Where to Put Your Extra Money

So you’ve got some extra cash these days, and not just the spare change in your couch cushions? Good for you. You might be tempted to stuff it under your mattress but, let’s face it, that’s not doing anyone any good. You do, however, want to be sure you’re putting it somewhere safe where it’s going to earn more money. If you’re not quite sure where that is, we can help. Read on for suggestions on where to put your extra money.

A High-Yield Bank Account

A traditional and safe option, this is an FDIC-insured savings account. The benefit is that it earns higher interest rates than a standard savings account, but it does come with some catches. It requires a larger initial deposit and your access to the account will be somewhat limited. Of course, this is only to benefit your bottom line. Banks will often offer this type of account to highly valued customers who already have other types of accounts with the bank.

A Money Market Fund

If you want to dip your toes into investing, this is a good option. This is a mutual fund that acts as a liquid short-term investment with high credit quality by investing cash and cash equivalent securities. The funds are regulated by the SEC (Securities and Exchange Commission) and are not FDIC-insured. You’ll want to look for a fund that has a history of performing well, or use the Dollar Daddy blog for advice.

Try Peer to Peer Lending

This is a fairly new resource that has been taking off as of late. Borrowers come to these peer-to-peer lending sites seeking loans that offer better terms than their banks. As an investor, the benefit to you is that you will get a much higher rate of return than what can be given at a bank. Lending Club is probably the most well known of these types of companies, and it allows for minimum investments of $25 into each loan you want in your investment portfolio. The company charges investors a one percent annual fee.

Bonds

You’ve likely heard a lot about bonds over the years but you might not realize that bonds are essentially loans as well. As this Investopedia article notes, “When you purchase a bond, you are lending money to one of these entities (known as the issuer). In exchange for the ‘loan,’ the bond issuer pays interest for the life of the bond, and returns the face value of the bond at maturity.” They have fixed interest rates. The nice thing about bonds is you can choose the type based on the amount of risk you want to take. Penalties may be incurred for early withdrawal.

Stock Market

This is the riskiest option of course, but it often offers the most dividends. Any advisor worth his or her salt will tell you that at least part of your savings should be invested in the stock market because, as the old saying goes, with no risk comes no reward. You can manage your own investments if you’ve got a good handle on financial resources. You can hire a financial advisor to do it for you, or you can consider a roboadvisor. You can invest using your 401K through your employment. Or you can go the safest route with Treasury securities. Whatever your investment behavior leanings are, the stock market should always be a top consideration.

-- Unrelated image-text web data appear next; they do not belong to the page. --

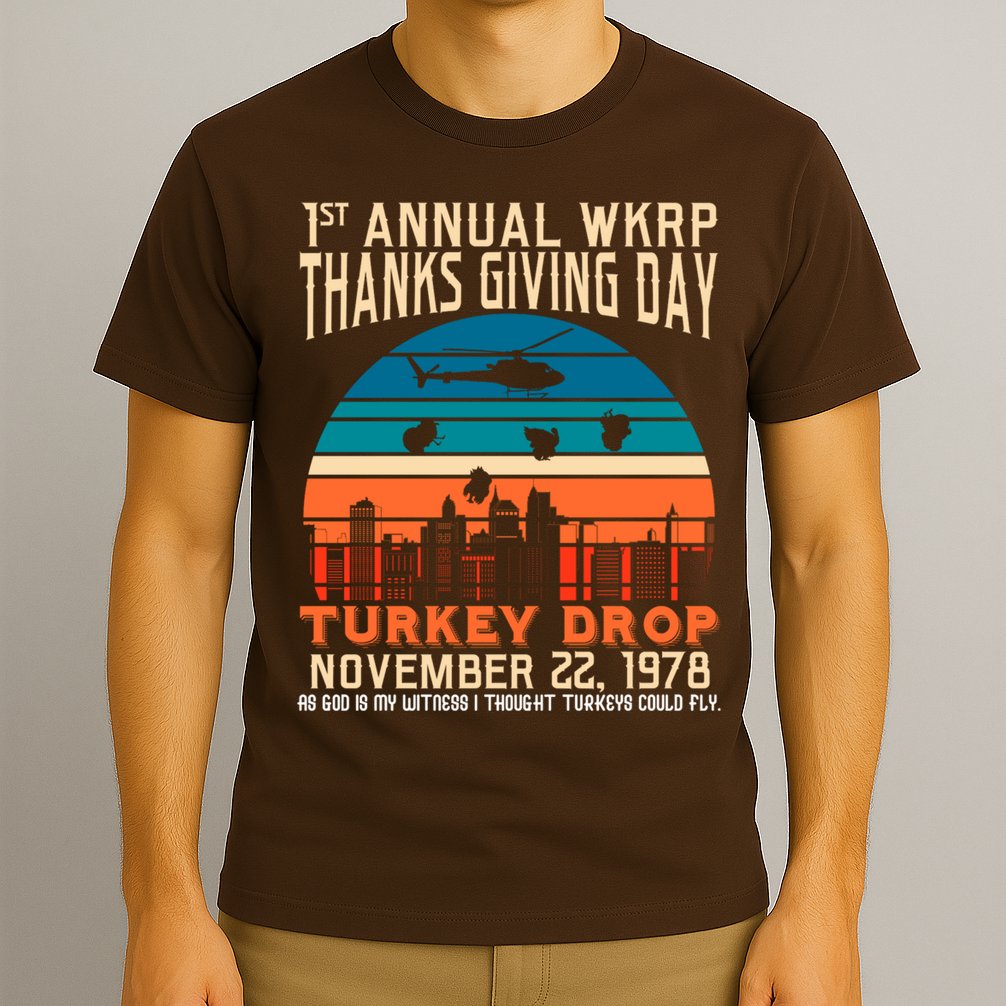 WKRP Turkey Drop 1978 T-Shirt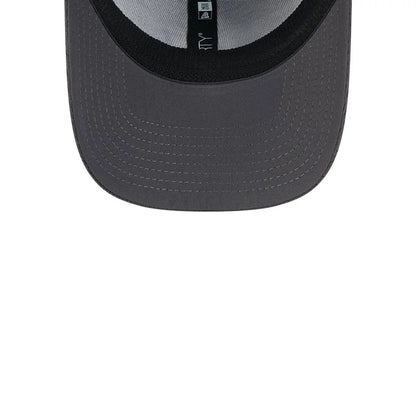Pictured is this MLB Evergreen New York Yankees 39THIRTY Stretch Fit cap in dark grey. 7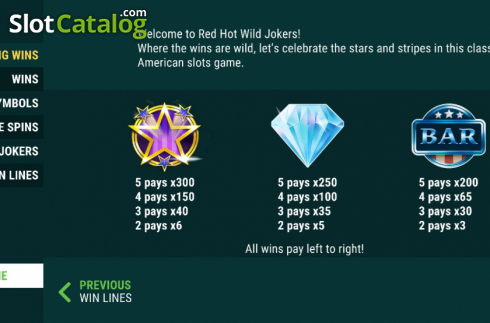 Скрин6. Red Hot Wild Jokers слот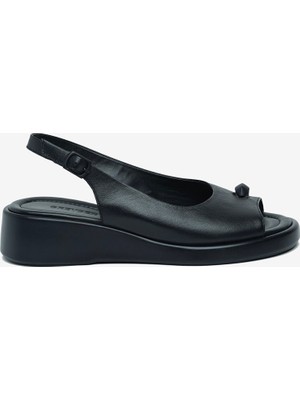 Greyder Kadın Siyah Hakiki Deri Sandalet 6Y2TS59401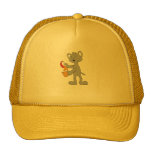Cartoon Mouse Pouring Melted Cheedar Cheese Trucker Hat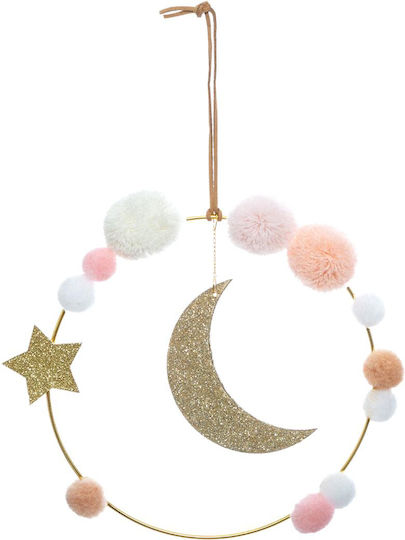 Kids Decorative Hanging Gold 14.5x21.5cm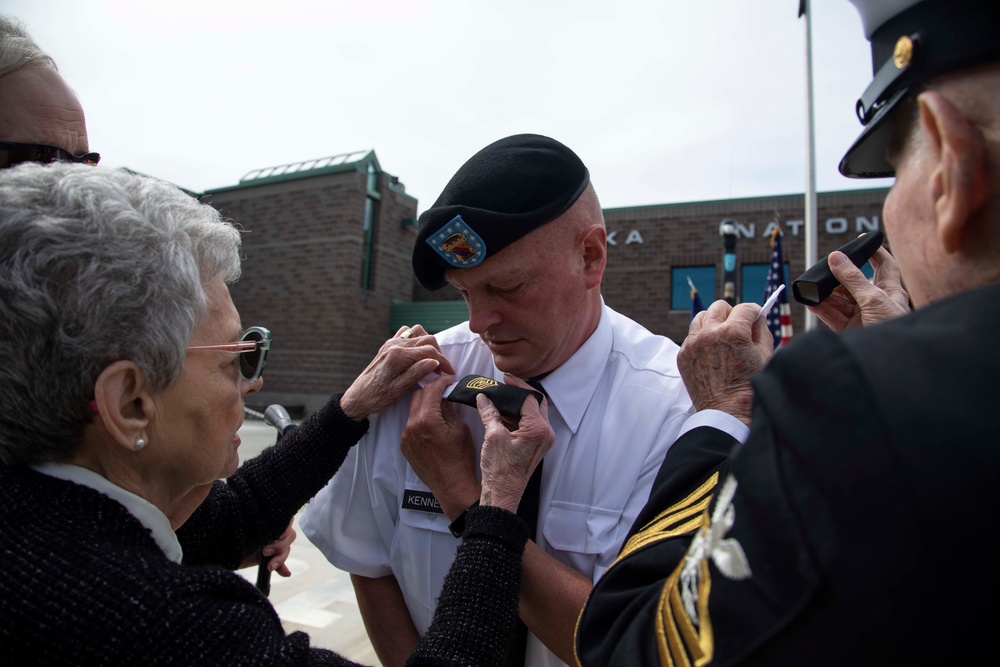 Sgt. Major Andrew Kennedy promotion ceremony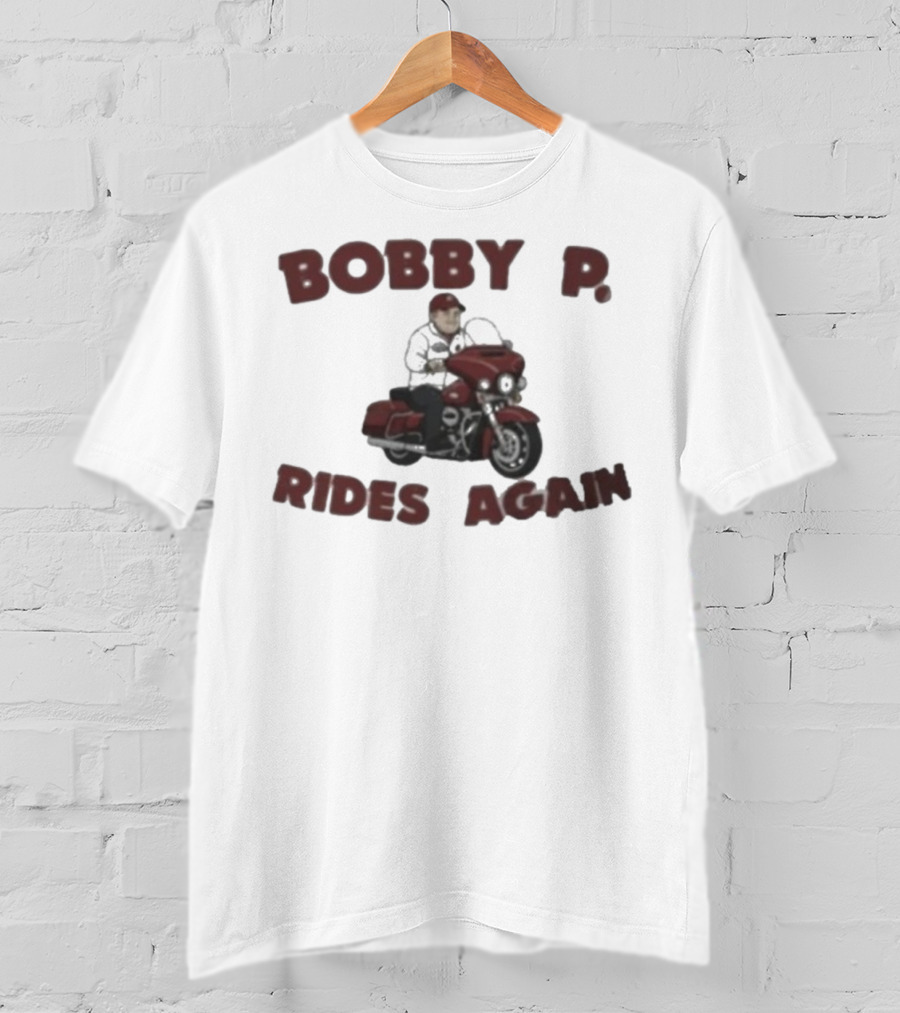 Bobby P Rides Again Motorcycle Adventure T-Shirt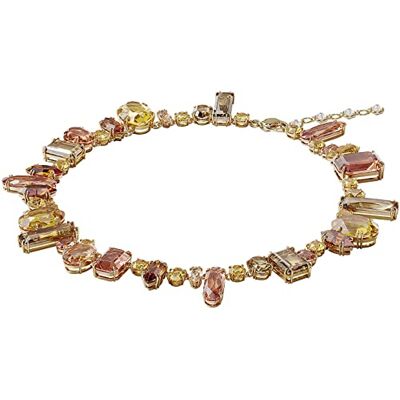 Swarovski Gema-ketting, waaier van oogverblindende kristallen in klassieke maten, verguld, meerkleurig Swarovski Gema-ketting, waaier van oogverblindende kristallen in klassieke maten, verguld, meerkleurig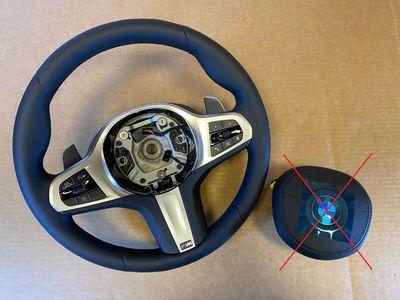 BMW 5 G30 G31 G38 6 G32 X3 G01 G08 X4 G02 ORIENTĀLS ASV LCI M stūre VIBRO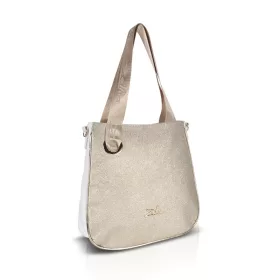 Zellia 23068 arany-fehér női válltáska 34 x 33 x 12 cm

Dip Your Toes in Real Estate Investment

If you don’t have enough capital to plunk down on an investment property or to become a landlord, you can still try your hand at investing in real estate. One easy way to do so is by joining a real estate investment group. What typically happens in this scenario is a company buys or builds condos or the like and then this company allows for investors to get in on the deal. The investment company handles the management tasks and, in return, it takes a percentage of the monthly rent. On the bright side, this allows a more hands-off approach to gaining income. On the downside, there are risks of vacancies occurring as well as management costs eating into returns.

Don’t hem and haw about where to put extra cash, as this allows your income to sit there without gaining any appreciation. Try any or all of these approaches on where to put your money and watch your nest egg grow.